In the teaching of Christ Jesus we find an imperative demand that we should forgive our debtors, as well as the need expressed of being ourselves forgiven. In the searching light of his loving command and counsel we are impelled to examine ourselves as to how and in what kind of spirit we forgive. When the Master was confronted with the human manifestation of evil in any of its myriad forms of sin, sickness, discord, or death, his gracious method was always to uplift, never to condemn, the erring one who had seemingly fallen a victim to sin's subtleties. He spoke the word of comfort, of cheer, of forgiveness, and of healing to the heart-broken, sin-weary, or suffering wanderer from the Father's house.

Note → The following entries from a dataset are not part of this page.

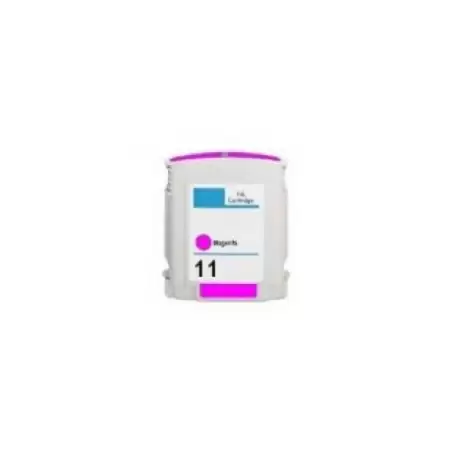 RHPC  11 (C4837A) Magenta [DESCRIPCION]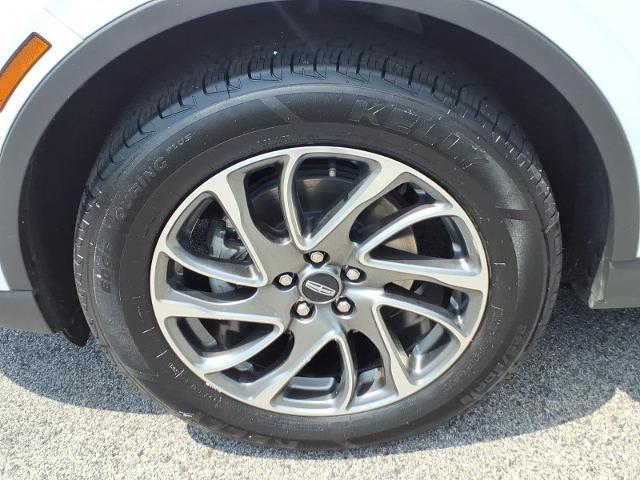 2022 Lincoln Corsair - $26,944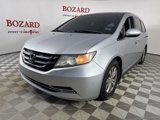Used 2014 Honda Odyssey EX-L image 4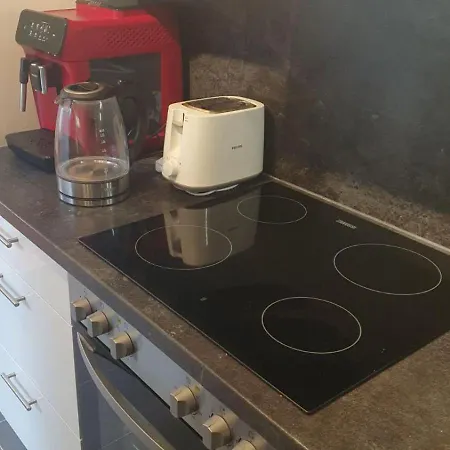 Διαμέρισμα Kuckuck Auf Dem Sommerberg Incl Schwarzwald Plus-karte - 2 50qm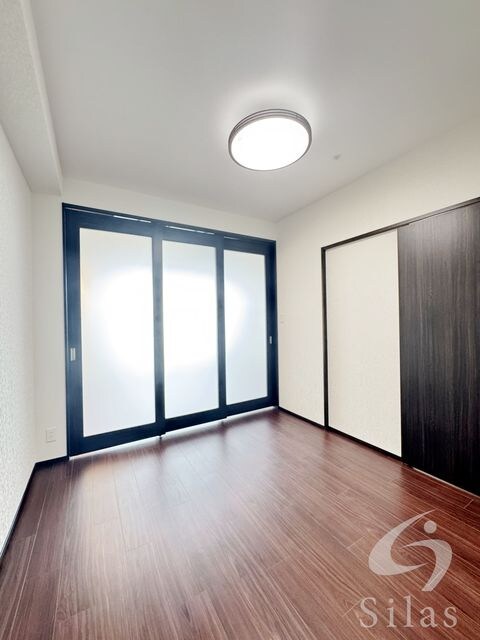 プレジオ三国ASIANの物件内観写真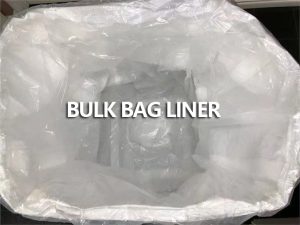 bulk bag liner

He whose pure consciousness was incapable of harboring for one moment an impure, unkind, or sinful thought, could yet say to the harshly -judged, hard-pressed, and sin-stricken woman, "Neither do I condemn thee: go, and sin no more." To the usurious and despised publican Zacchaeus, who had climbed a tree in order to see him, he said, "Make haste, and come down; for today I must abide at thy house." To the sick of the palsy his word was, "Son, be of good cheer; thy sins be forgiven thee." To the shunned leper he said, "I will; be thou clean." Of the weeping, sinful, but repentant woman in the Pharisee's house he said, "Her sins, which are many, are forgiven; for she loved much." In his grand final struggle on the cross, amid the jeering brutalities of his blinded persecutors, he could yet compassionately pray, "Father, forgive them; for they know not what they do."
On page 241 of Science and Health Mrs. Eddy writes, "The substance of all devotion is the reflection and demonstration of divine Love, healing sickness and destroying sin." Again on page 17 we read, "And Love is reflected in love." While our Master was ever loving and compassionate in his dealings with mankind, he had yet no toleration or excuse for the evil by which they were being swayed, nor did he ever fail to administer the severest rebuke to error in whatever form it appeared; but he separated all sin from the real man, and by so doing cleared his own consciousness of any thought of condemnation or retribution. He never once lost sight of the reality of man's being, the perfect man in God's likeness, and thus He knew God, good, and His creation to be the All of eternal reality, and evil to be the lie, that is, the mindless nothingness of a non-intelligent delusion.